When I first moved here, I got hired to teach Composition at a local community college. It was completely thrilling to go on an actual job interview and get hired!!! In my early 60’s! Since then, I have taught a course a year for them for 5 years. The department heads and faculty I have met at the place I work are NICE. The other people I have met at the college are KIND.

But the workload is really heavy.

And it has not gotten lighter. I think a lot of this workload has to do with the fact that I’m not trained in Composition but am first and foremost a literature person and a creative writer. That means that I want to make things COMPLICATED and INTELLECTUAL When people talk about “critical thinking,” I think “yeah…. let’s really get into it with Marx, Foucault and bell hooks!,” but that’s not really what’s wanted by either the school or the students. As a creative writer, I’m similarly contrarian. I — secretly — don’t really WANT students to learn how to think and write in a cut and dry way that follows all the rules of organization, and even . . . punctuation. A part of me sides with e.e. cummings and thinks “you want do use only lowercase? go for it!” And a huge part of me thinks everyone in these classes would be better off learning how to write some poems, before struggling with the opinion essay. I tend to think against the rules… typical of an avant-garde writer. Which makes the fact that I teach Comp at all, interesting.

Then there’s the fact that I really want to get to know the students, and they’re for the most part, just trying to get through the course so that they can leave English 101 — and me — behind forever. It’s a transactional relationship, and I have not managed to maintain an ongoing conversation with any of the students I have taught. That makes me sad.

So here I am again teaching one of these classes, asking myself “Shouldn’t I be working on my own writing, and trying to advance my stuff and working on advancing the stuff that my writer-friends write?”

The answer to this is “yeah, but…” And then I start thinking about the first short assignment that students have coming up in the class, and how could I make it more interesting? And I think about the student who has come back to college after 17 years, because they want to learn something. And the student who moved here from Eritrea. And the student who works a full time job so they can go to college and pay off their car.

They’re compelling, these people are.

Does Composition as currently constituted help them? I don’t know. Frankly, I have my doubts that a quarter-long class can simultaneously teach English grammar, essay organization, and reading all at once to students who maybe don’t know grammar at all, and have never read a book all the way through.

Do I help them? I don’t know that either. I continually feel a kind of draw to the students at this community college. But, I don’t think they need me particularly. In fact, I imagine they are better served by other, more professionally trained composition instructors, who know how to get the job done more efficiently than I do. I may confuse the issue, because, like I said, I like to make things complicated. I just hope I don’t make it worse for students, with my strange ideas about thought and writing

Well, I’ve committed to teaching this quarter. What do I do in the future?

The solution may be to teach more creative writing. I do that too, and I could do more if I wanted. But oddly, as hard as the work is, and as not great a job as I suspect I may be doing, I think I’d miss these Composition students. It’s weird.

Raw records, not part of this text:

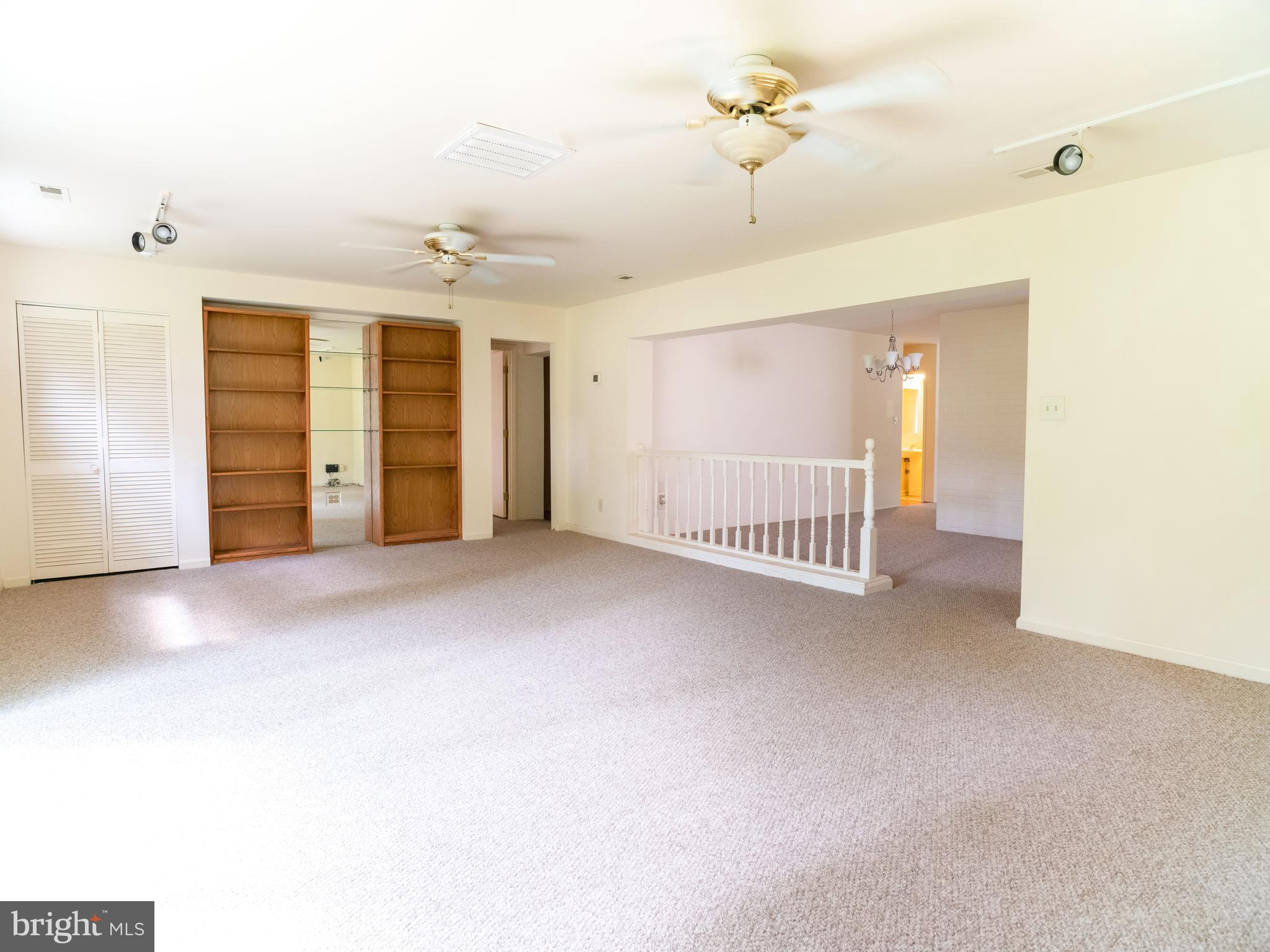 7319 Monticello Boulevard Springfield, VA 22150 - Photo 20 of 27 a view of an empty room with a ceiling fan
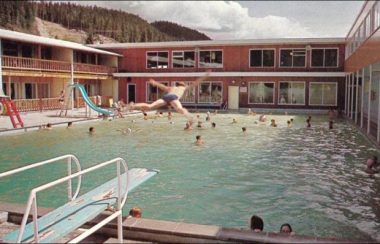 A pool is busy with people swimming during the day at a hot springs resort in northern BC. A young person is jumping off of the diving board preparing to do an epic belly flop.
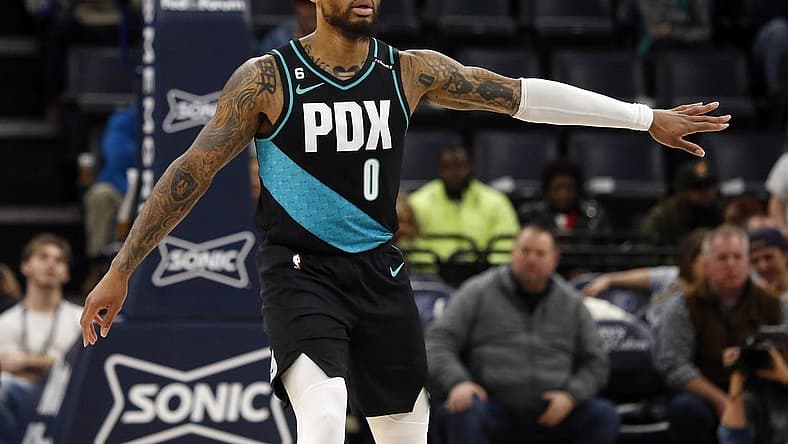 Feb 1, 2023; Memphis, Tennessee, USA; Portland Trail Blazers guard Damian Lillard (0) reacts after a basket during the first half against the Memphis Grizzlies at FedExForum. Mandatory Credit: Petre Thomas-USA TODAY Sports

I don’t know the answer. The late Bill Readings observed that once we engage in the scene of teaching, we are forever enmeshed in it. We are, I think he said “addicted to others.” I can’t find my copy of his book, The University in Ruins, but that’s what I remember him saying.

Am I addicted to teaching? And if so, is there such a thing as a “good” addiction? I have no idea.

Well, back to work on figuring out that first assignment.

Then I’ll write a poem.

Then, I’ll get dressed.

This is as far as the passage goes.